Are you taking this on the road?

PRESIDENT OBAMA: Well, you know, I’m going to make the case — I’m going to make the case for a fair process. Give Judge Garland a hearing; give him a vote. And look at the qualities of the man. That’s what the American people expect. And, you know, one of the most puzzling arguments that I’ve heard from Mitch McConnell and some other Republicans is this notion that the American people should decide — we should let the American people decide, as part of this election, who gets to fill this seat.

Well in fact, the American people did decide, back in 2012 when they elected me president of the United States with sufficient electoral votes. And they also decided that the Republicans would be in the majority. They didn’t say, “We’re going to decide that you’re in charge for three years, and then in the last year you all take a break.” They said, “No, you’re the president for four years, and Mr.

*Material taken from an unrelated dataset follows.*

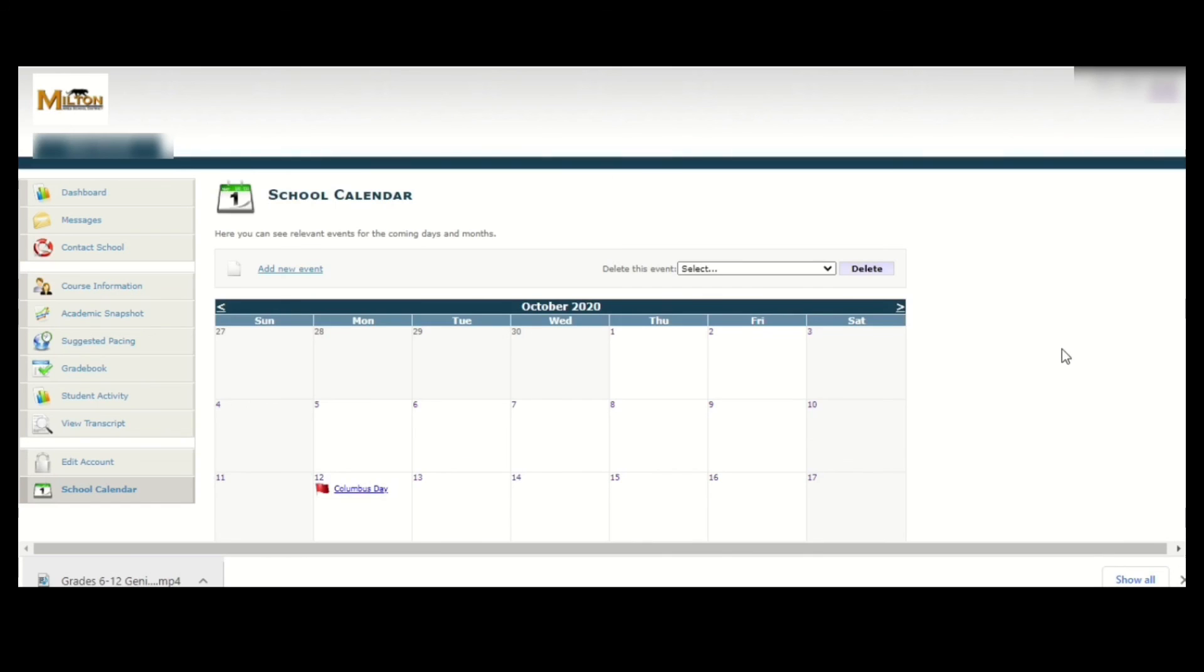I hope this video helps you get a better idea of what the Genius website offers for you on a typical online day of learning.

McConnell, you’re going to be the leader, because we’ve given you a majority in the Senate.”

So the American people already have decided. They’ve already weighed in. They will have another opportunity to weigh in, so that if there is another vacancy that comes up, the next president will fill that vacancy.

The bottom line is that there has not been a coherent argument presented. The real argument is the one that you made, Nina, which is that they don’t want a Democrat filling the seat, and they are worried and scared about their political base punishing them if they allow a Democrat to fill the seat.

But one of the things that’s broken down in our politics is a recognition that you don’t always get your way 100 percent of the time. And sometimes in the integrity of the institution and the process and governance, and the interests of the American people actually matter more than your short-term politics. They actually matter more than doing what is politically expedient. And there have been a number of times where, as president of the United States, I’ve had to do things that I knew were bad politics but I understood were important to the country or important to the institution of the presidency.

And I would expect that the senators who’ve been elected by their constituents will find in themselves the kind of respect for this incredible democratic experiment that our founders crafted, that they’re not going to want to see it continue to degenerate into just a bunch of poll-driven, negative-ad-driven, polarized name-calling, because that’s not what made us the greatest country on Earth.

President Obama has been forced to play the parent to the Republican-controlled Congress because lawmakers in the majority refuse to accept that they can’t always have their way. The “my way or no way” attitude of elected Republicans has its root in a Republican electorate that views compromise as defeat. Obama nailed it. Republican voters punish their candidates for suggesting any compromise with Democrats.

The interesting aspect of this behavior is that it came from the Republican Party itself. It was the Republican leadership who sat down and decided as soon as President Obama arrived in Washington that they were going to obstruct everything. Republicans preached to their supporters that obstruction was victory, and Obama achieving anything was defeat.

Once Republicans started losing to President Obama on their own terms, their voters saw this as a failure of the Congress that they elected. Obama’s success has made a segment of the Republican Party feel like losers, which has led to the rise of Donald Trump, who is campaigning on a belief that America doesn’t win anymore, and by America Trump means the Republicans.

When viewed from this perspective, Senate Majority Leader McConnell’s obstruction of the nomination of Merrick Garland to the Supreme Court is proof that Republicans have not learned anything.

Republicans still believe that destructive tantrums are their path to victory. What they don’t get is that voters have grown tired of their antics, and will be grounding many of them from serving in the Congress any longer on Election Day. Behavior has consequences, and Republicans will be personally feeling the consequences of their obstructionist decisions this November.